Eco-Business: AI's Societal Risks Make Governance a Business-Wide Challenge
- 5 hours ago
- 2 min read

As featured in Eco-Business, June 24, 2026
AI governance is no longer a technology department problem. It's a boardroom imperative — and most companies aren't treating it that way.
That's the view Steve Okun, Founder and CEO of APAC Advisors, shared in a recent Eco-Business feature on AI's mounting societal risks in Singapore. His core argument: the risks AI brings cut across every geography, sector, and stakeholder group, and nearly every business now plays a role in shaping its impact.
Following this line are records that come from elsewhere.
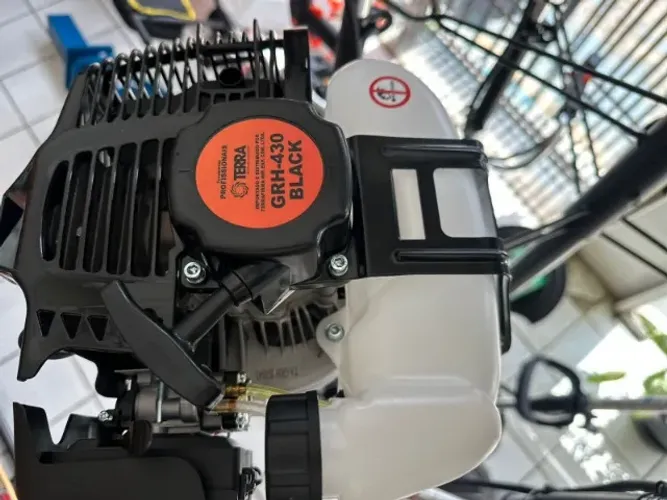 ROÇADEIRA A GASOLINA GRH- 430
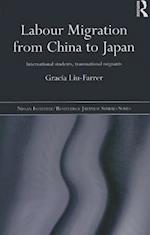 Labour Migration from China to Japan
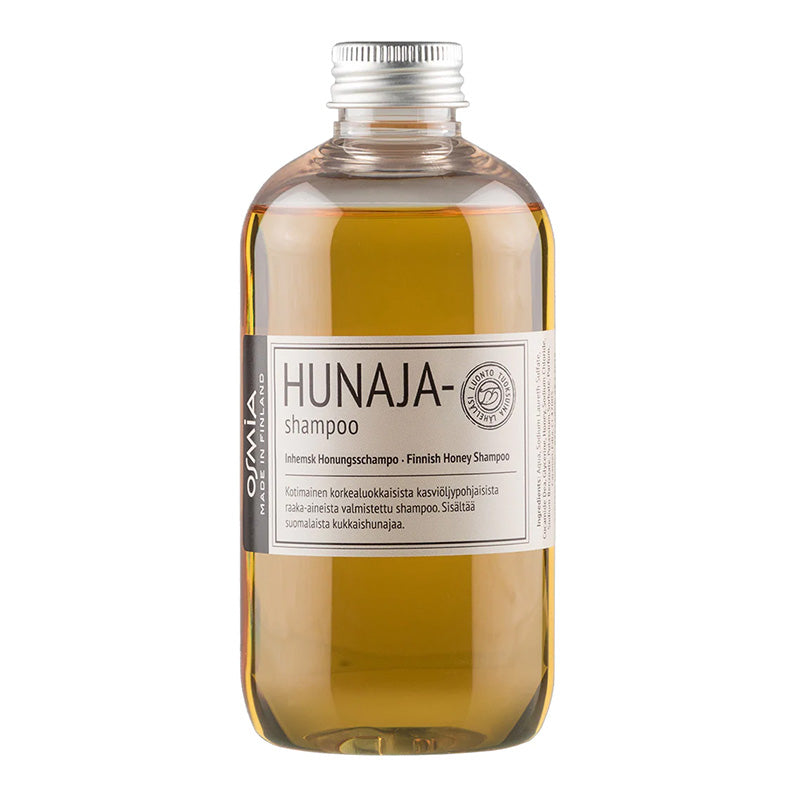 Honey shampoo 250 ml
The piece focuses on what Okun calls the "Responsible AI Trilemma" — three interconnected pressures that leaders can no longer afford to ignore: environmental footprint, workforce disruption, and inequality.
On workforce displacement, Okun pushes back on the comfortable assumption that automation mainly threatens low-skilled roles. AI is increasingly disrupting white-collar and knowledge-based work — and the benefits that do emerge are likely to concentrate among those already ahead. "AI is often framed as the great equaliser," he said. "The reality is the opposite. Without deliberate action, AI's gains flow to those already ahead, widening Singapore's divides rather than closing them."
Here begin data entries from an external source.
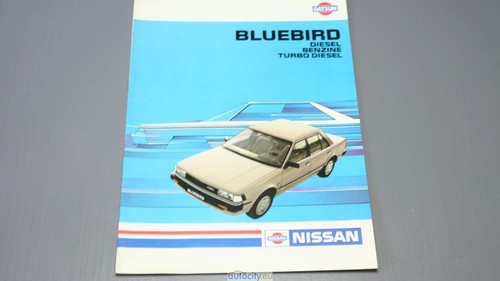 Nissan bluebird sales - bluebird, (910)
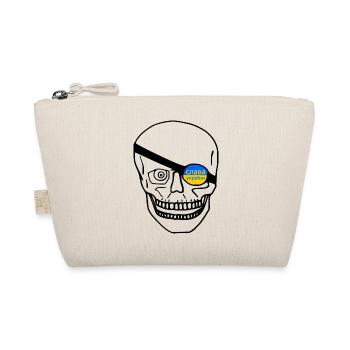 Slava ukraini - Organic Pouch - nature - Front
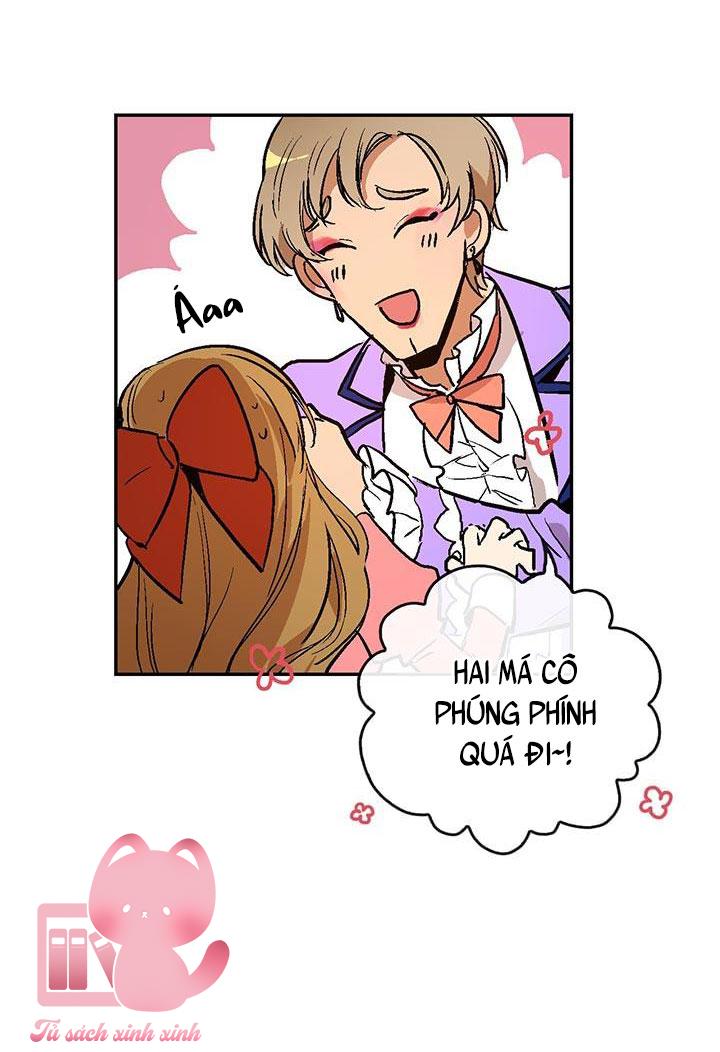 Vị Hôn Thê Khế Ước Của Công Tước Chapter 13 - Next Chapter 14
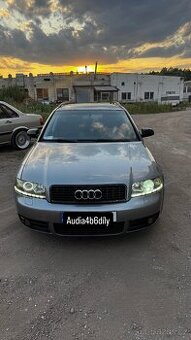 Audi a4 b6 dily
On governance, Okun welcomed Singapore's policy efforts but argued they don't go far enough. SkillsFuture and voluntary frameworks are a start — but the responsibility cannot fall on workers alone. "Singapore's response will fall short unless businesses and investors step up too."
His call to action for corporate leaders is clear: treat AI risk the same way you treat climate risk. Stress-test your business model. Plan for a future where access to AI is scarce, expensive, or constrained by regulation. "AI access may not always be unlimited as risks mount," he said. "Companies need to stress-test their plans to ensure business continuity.